None well documented.

Adverse Reactions

Handling of chicory has been reported to cause occupational contact dermatitis. This effect may be caused by the presence of sesquiterpene lactones. 29 , 30 Other allergies to chicory include case reports or letters of occupational asthma in a chicory grower, 31 occupational and ingestive allergy to the plant, 32 food allergy, 33 and other allergies. 34 , 35 A recent report investigates chicory extract on mast cell-mediated immediate type allergic reactions. It was demonstrated that the extract inhibits this type of reaction in vivo and in vitro. 36

High levels of inulin (greater than 10%) from chicory in the diet may affect growth in rats and lead to acidic (pH 5.65) cecal fermentation. 24

In case of gallstones, consult with a physician before taking chicory. 23

Toxicology

A study of contamination showed that chicory absorbs the fungicide quintozene through the roots, which may present a toxic hazard. 37 In a study of 64 vegetable samples, 92.5% of the 654 bacterial lines isolated were Enterobacteriaceae , with the more contaminated being celery, fennel, onion, and chicory.
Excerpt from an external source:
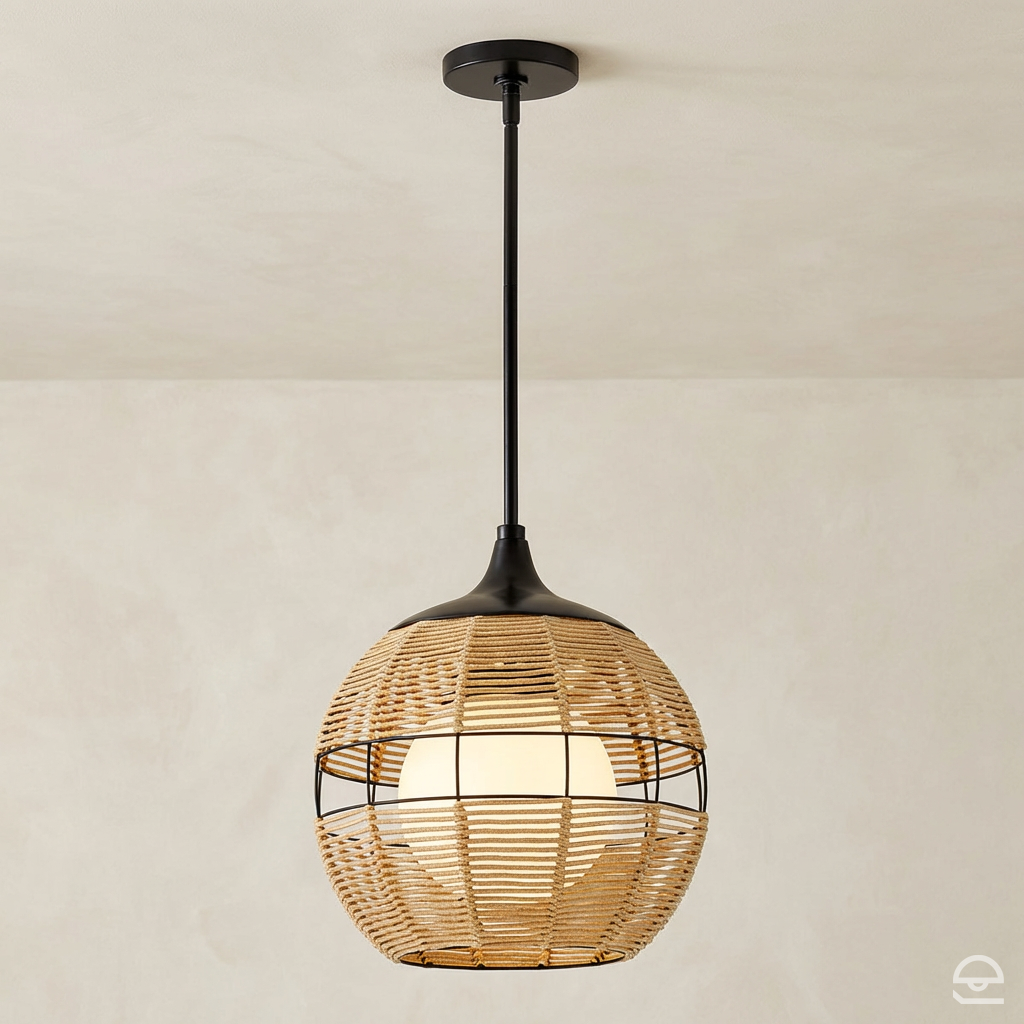 Mała lampa wisząca Maddox - 1 źródło światła - Czarny, karmelowy beż, Hinkley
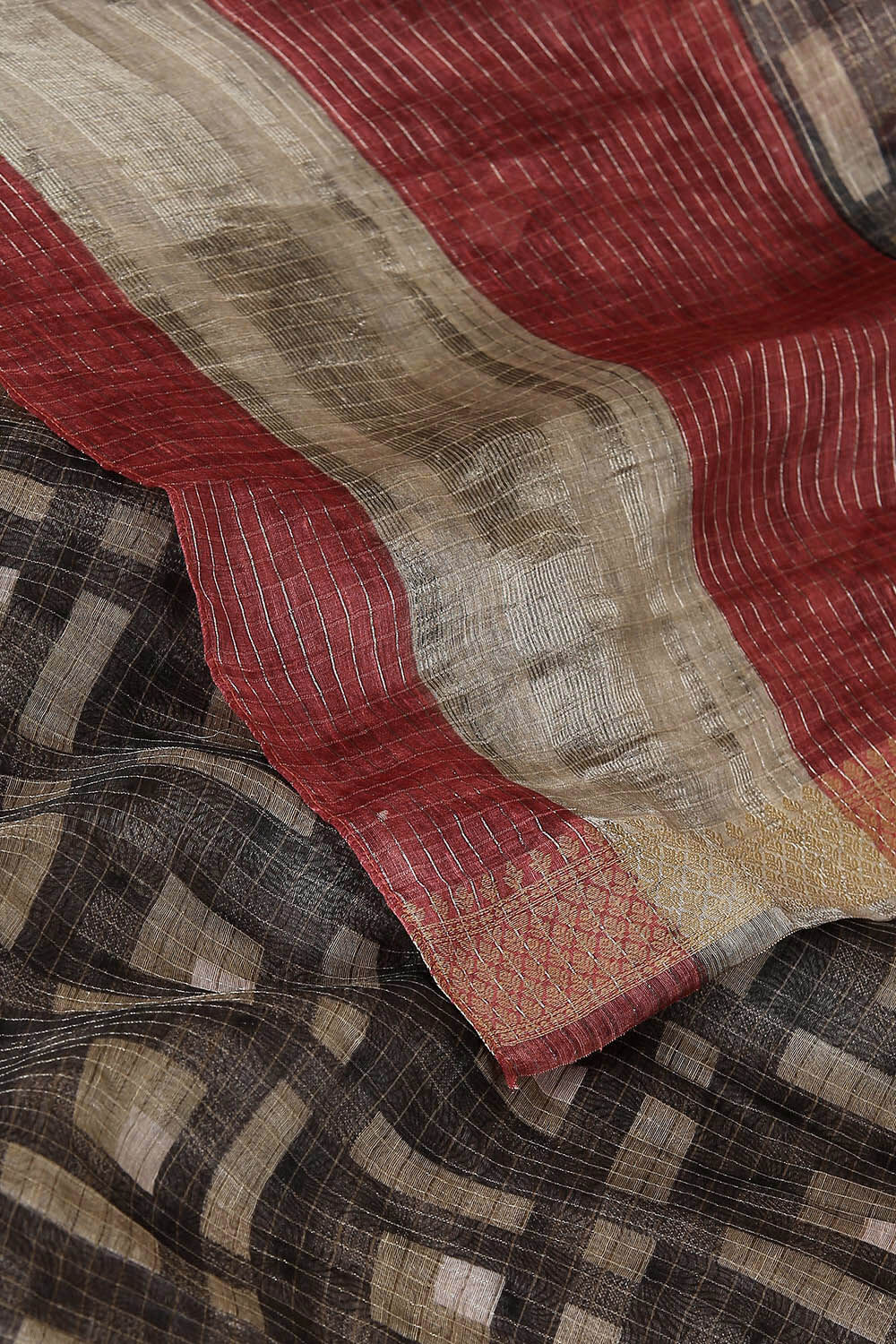 Grey Pure Silk Linen Digital Printed Saree image number null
These vegetables are a source of contamination and colonization of Enterobacteriaceae , especially in hospitals. 38

Chicory sold commercially has, in some instances, been contaminated with crushed cashew shells that can cause an allergic toxicity similar to that observed with poison ivy. 39

Bibliography

1. Brinker FJ. Herb Contraindications and Drug Interactions . 2nd ed. Sandy, OR: Eclectic Medical Publications; 1998.
2. Ernst E. Herbal medicinal products during pregnancy: are they safe? BJOG . 2002;109:227-235.
3. Balbaa S, et al. Preliminary phytochemical and pharmacological investigations of the roots of different varieties of Chicorium intybus . Planta Med 1973;24(2):133-44.
4. Proliac A, et al. [Isolation and identification of the two beta-carbolins in roasted chicory root.] [French] Helv Chim Acta 1976;59(7):2503-05.
5. Ruhl I, et al. [Organic acids in vegetables. I. Brassica, leaf and bulb vegetables as well as carrots and celery.] [German] Z Lebensm Unters Forsch 1985;180(3):215-20.
6. Mahadeviah S, et al. Leaf protein from the green tops of Chichorium intybus L. (chicory). Indian J Exp Biol 1968;6(3):193-94.
7. Vijn I, et al. Fructan of the inulin neoseries is synthesized in transgenic chicory plants ( Chicorium intybus L.) harbouring onion (Allium cepa L.) fructan:fructan 6G-fructosyltransferase. Plant J 1997;11(3):387-98.
8. Galasko G, et al. The caffeine contents of nonalcoholic beverages. Food Chem Toxicol 1989;27(1):49-51.
9. Baes P, et al. Chicory seed lot variety identification by leucine-aminopeptidase and esterase zymogram analysis. Electrophoresis 1992;Nov 13(11):885-86.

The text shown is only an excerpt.